Children with croup should be made comfortable and care should be taken to avoid agitating the child, such as using a non-contact form of oxygen delivery e.g. allowing the child’s care-giver to deliver oxygen using a ‘wafting’ technique. Oxygen should be administered to any child with oxygen saturation <92% on air.

In the 19th century steam and mist therapy were used. There is no published evidence to support its use and small trials failed to show an improvement in oxygen saturations, respiratory rate, heart rate or croup score. In addition, there have been cases reported of scald injuries in children treated with hot humidified air [10-13].

The aetiology of croup is viral and therefore antibiotics are not indicated. Bacterial tracheitis and pneumonia following croup are rare; occurring in less than one in a thousand cases.

Nebulised adrenaline

Nebulised adrenaline is only used in children with severe and life-threatening croup.

Treatment is with 0.5 mL/kg of 1:1,000 concentration to a maximum dose of 5 mL.

Double blind randomised control trials of this treatment demonstrate an improvement within 30 minutes and last up to 2 hours. As the effect wears off, the child’s symptoms return to base line level, however a proportion of children deteriorate even further [7,14,15].

However, Adrenaline does allow time for an experienced team including a senior anaesthetist to be gathered as well as rapidly improving the patient’s distress.

The benefit of using corticosteroids

There are numerous well-designed trials and reviews that clearly demonstrate clinical benefit of corticosteroids irrespective of severity. In children with severe or impending respiratory failure, there is an absolute risk reduction of 1.1% in the rate of intubation [16].

Oral dexamethasone

Oral dexamethasone 0.15 mg/kg has been shown to be superior to prednisolone at a dose of 1 mg/kg.

An equivalence trial demonstrated a re-presentation rate of 29% in the prednisolone group compared to 7% in the dexamethasone group [17].

There is no difference in efficacy between oral and intramuscular dexamethasone.

If the child is vomiting, 2 mg of nebulised budesonide can be used. However, nebulised budesonide can agitate the child whilst being delivered and taking into account the cost of equipment required as well as budesonide being more expensive, dexamethasone is the preferred treatment  [17-23].

Trial data

A meta-analysis of trials demonstrated a reduction in the croup score of three points by six hours in those treated with dexamethasone and by one point in those treated with budesonide.

There was also a reduction in the number of children requiring rescue treatment with nebulised adrenaline of 9% and 12% in those treated with budesonide and dexamethasone respectively.
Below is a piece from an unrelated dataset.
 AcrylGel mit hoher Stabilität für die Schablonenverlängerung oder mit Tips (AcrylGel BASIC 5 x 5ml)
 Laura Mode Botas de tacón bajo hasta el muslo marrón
In addition, the length of time spent in the emergency department (ED) was reduced as was the admission rate in those treated with dexamethasone or budesonide [24].

Oral dexamethasone dose

The dose of oral dexamethasone is still debated.

The Cochrane systematic review in 2004 stated that the optimal dose still needs to be defined [25]. Most of the studies included in the review used a dose of 0.6 mg/kg.
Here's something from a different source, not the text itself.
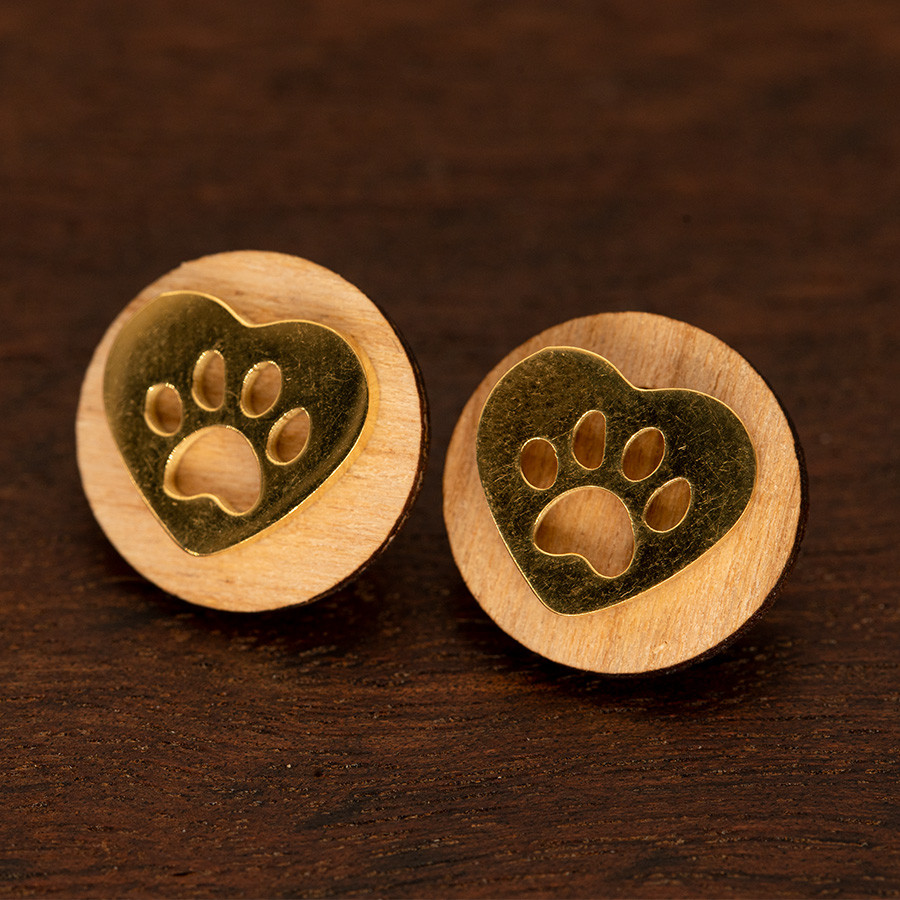 Herz Pfote Ohrstecker Holzschmuck aus Naturholz / Anhänger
The children’s BNF states that the dose is 0.15 mg/kg. There is evidence that a dose of 0.15 mg/kg and 0.6 mg/kg lead to the same reduction in croup scores, admission rates and length of stay in hospital [26].

Learning bite

  • The mainstay of treatment for croup is corticosteroids, which take between 2 and 4 hours to have a clinical effect.
  • Examining the child’s mouth and airway, particularly with instruments like tongue depressors should be avoided as this can cause distress young children and cause them to become agitated.